Authors : Muzi Jin, Hui Wu, Wenliang Yang, Fei Hao, Dapeng Tai, Jianlong Yuan, Asga , Ming Cang, Xudong Guo and Dongjun Liu
Abstract: Research on the embryonic stem cells of large livestock has recently attracted the attention of scholars. However, it is difficult to keep goat embryonic stem cells in an undifferentiated state during cell passaging in culture. In this study, fertilized embryos of Arbas cashmere goats were obtained by superovulation in vivo.
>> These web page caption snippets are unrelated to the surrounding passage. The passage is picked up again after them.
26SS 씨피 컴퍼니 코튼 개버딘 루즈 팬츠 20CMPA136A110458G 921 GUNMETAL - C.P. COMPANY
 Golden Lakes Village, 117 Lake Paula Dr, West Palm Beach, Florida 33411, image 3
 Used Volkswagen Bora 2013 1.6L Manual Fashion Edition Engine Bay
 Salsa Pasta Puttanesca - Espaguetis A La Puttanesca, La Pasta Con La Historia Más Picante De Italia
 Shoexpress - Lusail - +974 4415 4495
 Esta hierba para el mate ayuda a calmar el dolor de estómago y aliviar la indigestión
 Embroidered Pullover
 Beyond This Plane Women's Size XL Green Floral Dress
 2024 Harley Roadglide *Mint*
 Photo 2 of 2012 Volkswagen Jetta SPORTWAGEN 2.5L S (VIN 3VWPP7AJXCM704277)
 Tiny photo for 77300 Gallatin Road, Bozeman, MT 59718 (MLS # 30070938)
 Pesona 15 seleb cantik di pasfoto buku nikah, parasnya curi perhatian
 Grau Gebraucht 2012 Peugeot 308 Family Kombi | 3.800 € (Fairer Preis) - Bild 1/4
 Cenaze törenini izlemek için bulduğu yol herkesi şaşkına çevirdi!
The key issues in the culture of Arbas cashmere Goat Embryonic Stem Cells (AgESCs) were explored: the addition of differentiation-inhibiting factors, the selection of medium as well as the passaging, cryopreservation and thawing methods used. This study found that high-quality in vivo fertilized embryos could be cultured in either serum-containing medium or serum-free medium and that AgESCs could be passaged in either medium for 30 generations. The mechanical method was superior to the trypsin digestion method for passaging AgESCs. There was no change before and after cryopreservation and thawing with regard to AgESC morphology, alkaline phosphatase staining, the formation of embryoid bodies, immunofluorescence staining or the PCR detection of pluripotency factors. Finally this study provides the experimental basis for the establishment of goat embryonic stem cell lines.
Muzi Jin, Hui Wu, Wenliang Yang, Fei Hao, Dapeng Tai, Jianlong Yuan, Asga , Ming Cang, Xudong Guo and Dongjun Liu, 2013. The Culture of Embryonic Stem Cells Derived from in vivo Fertilized Embryos of Arbas Cashmere Goats. Journal of Animal and Veterinary Advances, 12: 1021-1031.